On January 1st, 1953, after years of alcohol and drug abuse, county singer Hank Williams died in the backseat of a Cadillac heading to a gig in West Virginia. Earlier that day, a doctor had given him two shots of vitamin B12 laced with morphine.
Steve Earle’s novel, I’ll Never Get Out of This World Alive, picks up the story ten years later with Doc Ebersole, a fictional composite of the doctors and hangers-on who encouraged Williams’ destructive drug habit. Doc has settled into the worst part of San Antonio, supporting his heroin habit by doctoring gun shot wounds and performing abortions for the prostitutes of the South Presa Strip, all the while being haunted by the ghost of his old friend, Hank Williams. He’s in a downward spiral and isn’t too worried about what will happen when he hits the bottom.

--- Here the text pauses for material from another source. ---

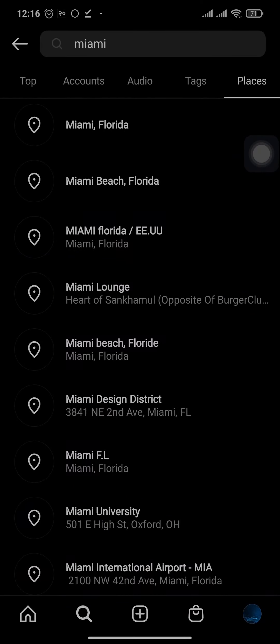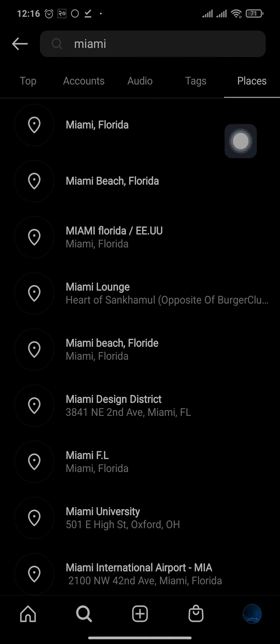You can try this with any of the locations nearby you. You simply need to type in your location and you'll find all of the people that are posting from where you can easily connect with them.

But when Graciela, an innocent young Mexican immigrant obsessed with Jackie Kennedy and the part-Catholic-part-pre-Columbian religion of her grandfather, appears in search of Doc’s services, miraculous things begin to happen. South Presa starts to change and Doc’s chances of redemption seem better than ever.
A county singer and one-time addict himself, Steve Earle is ideally suited to tell this difficult story. His depictions of heroin withdrawal symptoms and the things an addict will do to avoid them are harrowing and disturbing. But despite its focus on darkness and mortality, I’ll Never Get Out of This World Alive is ultimately a story of atonement, absolution, and self-forgiveness.